Generative AI is currently the hottest ticket in tech, with major players like Microsoft, Google, Amazon, and Meta dominating the scene with their large language models (LLMs). These LLMs are widely seen as the next major breakthrough in technology. However, there’s a glimmer of hope for Europe as it seeks to challenge Big Tech’s supremacy, especially in languages beyond English.
The compute and data dilemma
Big Tech’s dominance in the AI arena is driven not only by their vast computing power but also by access to extensive language data, often scraped from the internet. While it may be a tall order for a European company to outperform Big Tech in building an English LLM, a Finnish AI company named Silo has released promising results for its multilingual model called Poro (Finnish for reindeer).
Poro is trained on both Finnish and English text, serving as proof that high-performance LLMs can be created by blending different languages. Silo claims that early results demonstrate its competitiveness with Meta’s open-source Llama models. Silo’s collaboration with the University of Turku has leveraged a treasure trove of data from the EU-funded initiative known as The High Performance Language Technologies (HPLT) project, which has collected a staggering 7 petabytes (7,000 terabytes) of language data across 80 languages since 2022. To put this in perspective, GPT-3.5, which powered ChatGPT’s release version, was trained on 45 terabytes of text data.

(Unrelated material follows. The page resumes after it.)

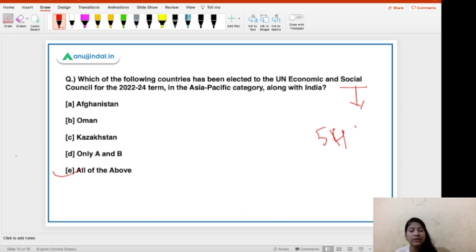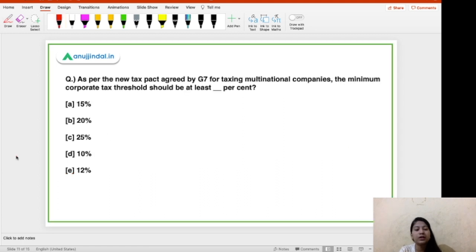Your task is to tell me the current president of this council in the comment section below. Moving on to the third question — this is very important, so listen carefully. As per the new tax pact agreed by G7 for taxing multinational companies, the minimum corporate tax threshold should be at least what percent? The options are 15, 20, 25, 10, and 12. The right answer is 15 percent.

Access to such high-quality, publicly-funded text data, as in the case of HPLT, could give models like Silo’s an edge in languages with limited online data availability.
The multilingual approach
Due to the scarcity of data for languages like Finnish, Silo adopted a multilingual strategy by “cross-training” its model with both English and Finnish data. This approach involves feeding the model text in both languages, allowing it to learn how the two languages relate to each other. As a result, the model can generate responses in Finnish even if it hasn’t encountered Finnish code before.
Peter Sarlin, Silo’s co-founder and CEO, explains, “You’re able to generate code in Finnish even though the model has not seen any Finnish code.” Silo plans to open-source its cross-training techniques, potentially paving the way for the development of models across all European languages, including those with limited available data.
The quest for technological sovereignty
Sarlin points out that there is a significant opportunity in the market for LLMs in languages other than English. He emphasizes the importance of European businesses not relying solely on technology owned by large U.S. companies. Building on Big Tech AI models might result in little value creation staying in Europe. Therefore, there’s a growing imperative for Europe to assert its technological sovereignty.
Supercomputing power from LUMI
Poro’s training also benefited from the EU-funded supercomputer known as LUMI, which became operational in 2022. Notably, LUMI uses AMD chips, a departure from the industry-standard NVIDIA chips. While some consider AMD chips to be expensive and inefficient for AI, Silo’s team invested significant resources in developing AI training software optimized for them.
Sarlin indicates that they plan to open-source a substantial portion of this software and are committed to assisting other companies in training models on LUMI. If European companies can harness resources like LUMI for AI training, it could be a game-changer in the continent’s quest to assert itself in the age of AI.
The European renaissance in AI
As Big Tech continues to flex its AI muscles in Silicon Valley, Europe is quietly building its own arsenal. The continent’s strengths lie in its multilingual approach, leveraging publicly-funded language data, and exploring alternative computing options like LUMI. While the road ahead may be challenging, Europe’s determination to compete on the global AI stage is evident.
Europe’s secret weapon in the battle against Big Tech’s dominance in generative AI is rooted in its diversity, collaboration, and commitment to technological sovereignty. With Silo’s Poro model as a testament to what can be achieved, Europe may well have a fighting chance to leave its mark in the world of AI.